Nunca me agradou, porém, o roteiro clichê da pobre mocinha que espera o rapaz perfeitinho, de cabelo impecável e roupa sem nenhuma macha, ou sem qualquer rastro amarfanhado, que chega para te salvar. Que aborrecido deve ser sofrer como uma condenada por toda a vida, igual à Cinderela; ficar entre a vida e a morte, como Branca de Neve, ou estar presa em um castelo, como Rapunzel, até o dia em que um salvador do sexo masculino apareça e a vida mude. Para sempre, diga-se. Quanta codependência! Se esse for o preço da felicidade, abro mão, definitivamente, das honrarias de pertencer a uma monarquia.
Mas posso dizer que já não se fazem princesas como antigamente, e elas têm se apresentado, sim, bem mais inspiradoras. Apesar de ter deixado a infância há alguns anos, fui instigada recentemente a conhecer a Vanellope Von Schweetz, a protagonista da animação infantil Detona Ralph. O cenário se passa dentro de um jogo de videogame e Vanellope é a princesa de um reino em que meninas conduzem carros velozes com o objetivo de cruzar a chegada o mais rapidamente possível. Ela é desaforada, marrenta e igualmente encantadora. Dispensa formalidades e troca o vestido volumoso do armário típico de uma excelência por moletom e tênis. Prefere o conforto do algodão em vez da delicadeza seda.
Aprecio, de fato, tecidos nobres e acabamentos impecáveis, mas desprezo as roupas que roubam seu ar e limitam os seus movimentos. Vestidos de anáguas e corpetes sufocantes foram feitos para princesas pacatas, que só esperam, que querem ser conduzidas na garupa do cavalo. Prefiro as que levam desassossego dentro de si, como Moana, a quem fui apresentada na última semana. A princesa de uma tribo comanda o próprio barco. Nada de caronas. Nada de roupas bufantes. Moana só leva no corpo roupas leves, de quem vive em terra esturricada pelo sol.
Moana não é loira nem tem nariz fino. É princesa de pele caramelo e com cabelo frisado. Nada de penteados e topetes na testa. Venellope usa rabo de cavalo com franja na cara. Moana usa os fios encaracolados ao sabor do vento, bagunçado pelo ar ou desmilinguido pela água. Prende-os com as próprias mãos, em coque despretensioso só para se livrar dos fios incômodos. Nada de coroa. Princesa moderna prefere arranjo de flores.
Ser princesa atual é aceitar a parceria do homem.
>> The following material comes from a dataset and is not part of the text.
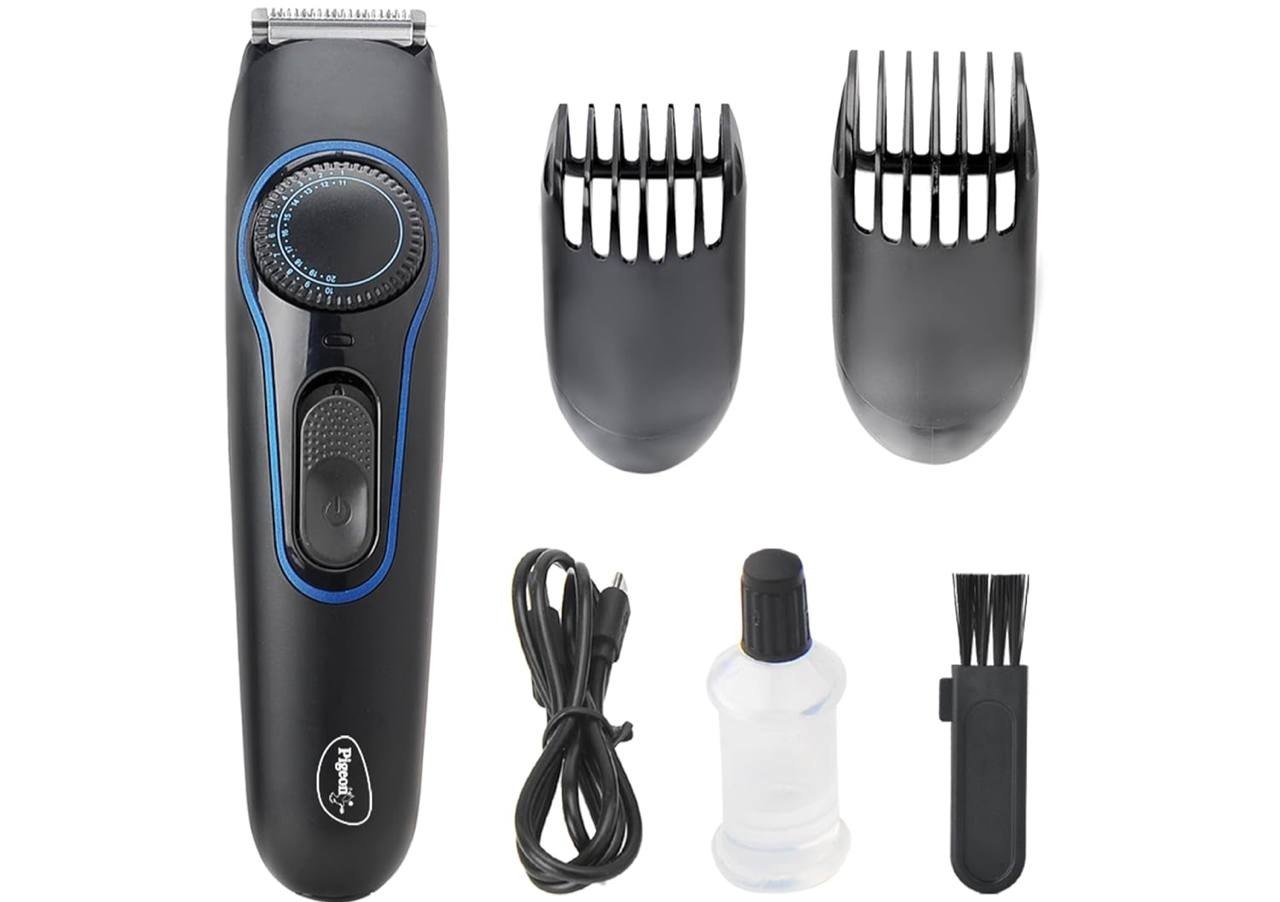 pigeon strike battery powered beard trimmer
Moana não está atrás de um amor. Ela está em busca de sua missão, de sua própria essência. Tenho aprendido nos últimos anos que só é possível amar o outro quando o amor-próprio está em primeiro lugar. E é isso que ela faz ao tentar atravessar o oceano para salvar sua ilha: cumprir o objetivo de sua existência. Venellope também não está aflita por uma paixão a dois, ela quer mesmo é realizar o sonho de ser uma grande corredora. Elas se amam acima de tudo e os sonhos delas estão em primeiro lugar.
A figura masculina para essas princesas é parceira. Moana precisa da força e da brutalidade funcional de um semideus, Maui, que, por sua vez, é motivado pela docilidade e pela inteligência emocional dessa nobre adolescente. Venellope também se encanta por Ralph, mas não como um amor que lhe trará felicidade, e sim um bravo herói às avessas que pode ajudá-la a realizar seu sonho. Em troca, ela oferece um carinho e uma amizade sincera que esse vilão bonzinho nunca recebeu de ninguém. É um toma lá dá cá. Cada um no seu trono, com papéis distintos e de igual importância.
Se assim for, dou início a meu sonho de ser princesa já na vida adulta. Nenhuma dessas minhas duas inspiradoras usa sapatinho de cristal e, embora eu ame os saltos, gosto mais ainda de saber que posso andar descalça ou de tênis quandoeu bem entender. Minhas heroínas são decididas, apaixonantes, conduzidas pelo amor por elas mesmas. Mulheres assim merecem honrarias. São inspiradoras. Quero ser como elas, e, ao contrário de ambas, pode, sim, me chamar de princesa. Muito prazer!